## Available data
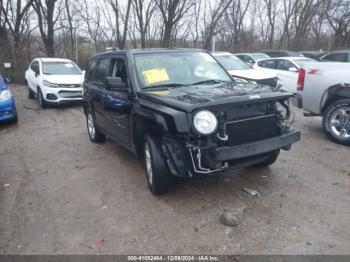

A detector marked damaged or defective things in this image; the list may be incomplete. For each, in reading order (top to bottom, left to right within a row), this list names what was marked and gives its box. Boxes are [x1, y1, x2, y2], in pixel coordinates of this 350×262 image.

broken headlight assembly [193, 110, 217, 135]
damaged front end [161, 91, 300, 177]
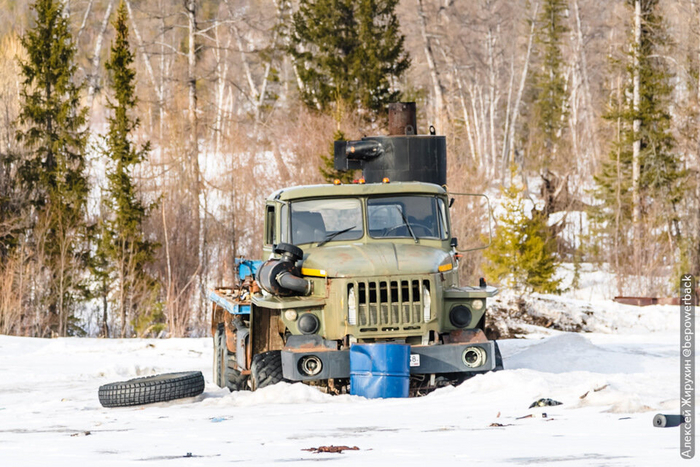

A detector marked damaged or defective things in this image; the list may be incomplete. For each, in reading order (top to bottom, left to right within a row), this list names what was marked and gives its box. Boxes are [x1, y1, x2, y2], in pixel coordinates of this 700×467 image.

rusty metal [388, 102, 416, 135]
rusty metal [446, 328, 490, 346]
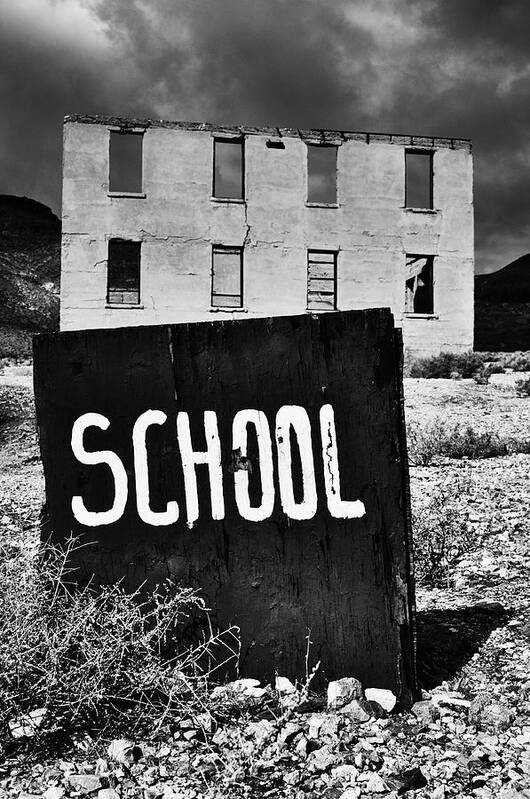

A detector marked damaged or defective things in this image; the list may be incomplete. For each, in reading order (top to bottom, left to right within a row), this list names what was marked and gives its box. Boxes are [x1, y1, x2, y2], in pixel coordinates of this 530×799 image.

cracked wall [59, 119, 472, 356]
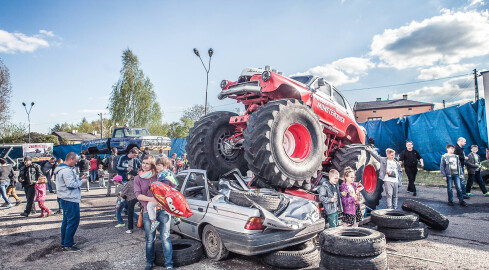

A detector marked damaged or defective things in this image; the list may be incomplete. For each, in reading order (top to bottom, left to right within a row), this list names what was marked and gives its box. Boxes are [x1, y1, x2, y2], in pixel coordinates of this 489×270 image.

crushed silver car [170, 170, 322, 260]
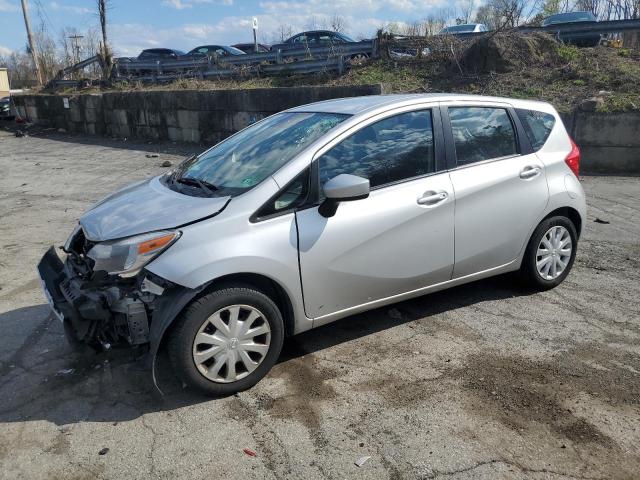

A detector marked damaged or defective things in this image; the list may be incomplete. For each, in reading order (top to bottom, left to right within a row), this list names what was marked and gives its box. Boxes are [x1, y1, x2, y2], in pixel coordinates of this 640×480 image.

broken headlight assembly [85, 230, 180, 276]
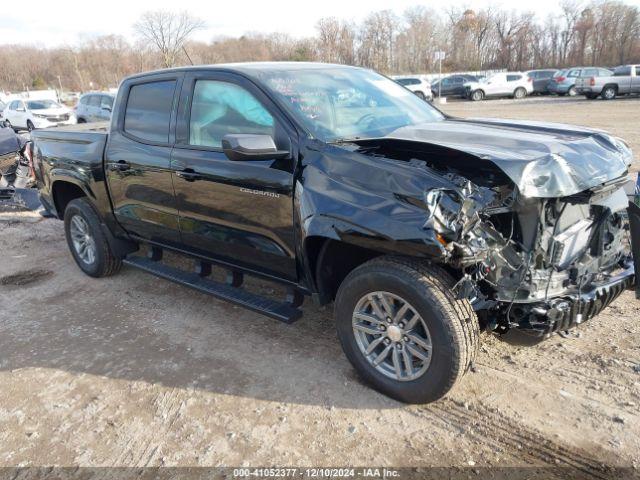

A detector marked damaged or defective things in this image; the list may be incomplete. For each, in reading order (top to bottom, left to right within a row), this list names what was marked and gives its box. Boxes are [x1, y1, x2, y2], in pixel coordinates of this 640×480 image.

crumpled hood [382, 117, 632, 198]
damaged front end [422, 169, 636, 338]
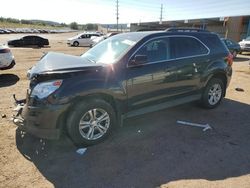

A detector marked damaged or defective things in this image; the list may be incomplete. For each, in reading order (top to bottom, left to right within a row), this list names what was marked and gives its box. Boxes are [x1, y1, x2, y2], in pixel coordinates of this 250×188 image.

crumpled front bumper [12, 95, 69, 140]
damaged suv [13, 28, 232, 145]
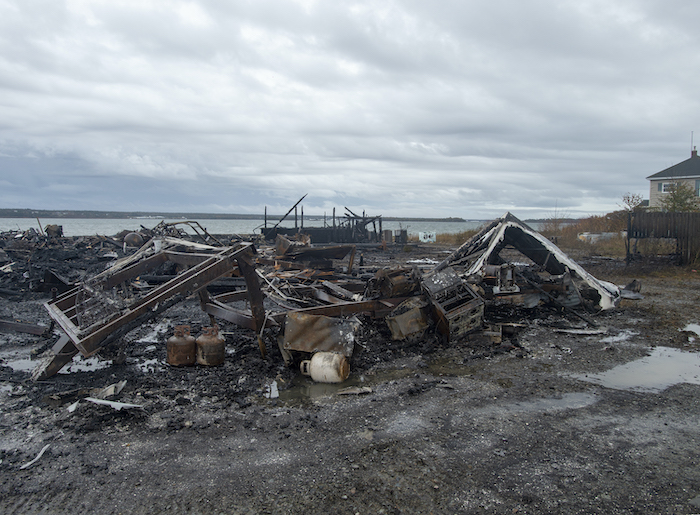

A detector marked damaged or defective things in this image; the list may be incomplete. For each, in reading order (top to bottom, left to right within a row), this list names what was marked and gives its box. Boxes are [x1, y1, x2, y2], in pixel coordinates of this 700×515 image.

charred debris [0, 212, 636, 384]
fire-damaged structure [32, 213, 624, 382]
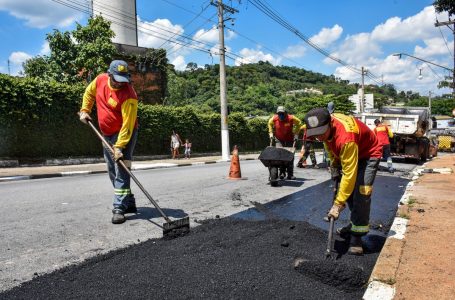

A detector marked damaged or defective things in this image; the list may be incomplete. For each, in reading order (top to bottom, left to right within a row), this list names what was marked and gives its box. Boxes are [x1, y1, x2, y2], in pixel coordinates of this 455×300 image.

## Work required
Final task for the records above: print exactly the lines from the one that contains "this 700×515 image." through the last line, both ends included, pictures excluded.

## Expected output
A detector marked damaged or defective things in this image; the list may be incomplete. For each, in reading order (top to bottom, left to right within a row), this list names what was marked and gives its box. Boxes are [x1, y1, x2, y2], in pixel coordinates of this 700×515 image.

charred debris [0, 212, 636, 384]
fire-damaged structure [32, 213, 624, 382]

A detector marked damaged or defective things in this image; the list may be incomplete. For each, in reading order (top to bottom, left to right within a row), this list names what was marked and gives its box. Boxes are [x1, y1, x2, y2], in pixel coordinates of this 455×300 image.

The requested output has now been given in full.